▸ Data below
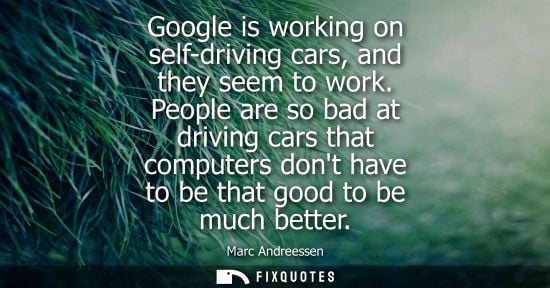 Small: Google is working on self-driving cars, and they seem to work. People are so bad at driving cars that computer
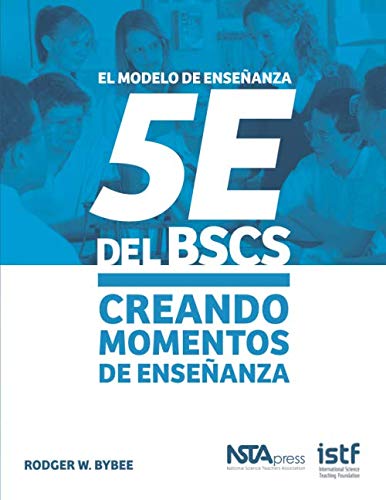 Libro: El modelo de enseñanza 5E del BSCS: Creando momentos de enseñanza (Spanish Edition)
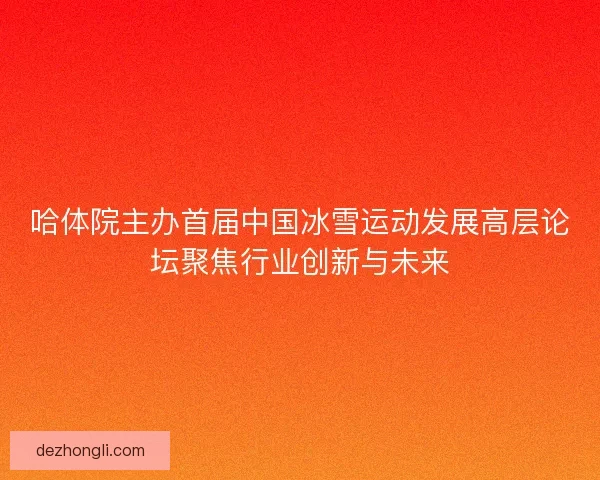哈体院主办首届中国冰雪运动发展高层论坛聚焦行业创新与未来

▸ Your goal
Print the entire listing precisely as written, omitting the images it holds.

▸ Result
 Small: Google is working on self-driving cars, and they seem to work. People are so bad at driving cars that computer
 Libro: El modelo de enseñanza 5E del BSCS: Creando momentos de enseñanza (Spanish Edition)
哈体院主办首届中国冰雪运动发展高层论坛聚焦行业创新与未来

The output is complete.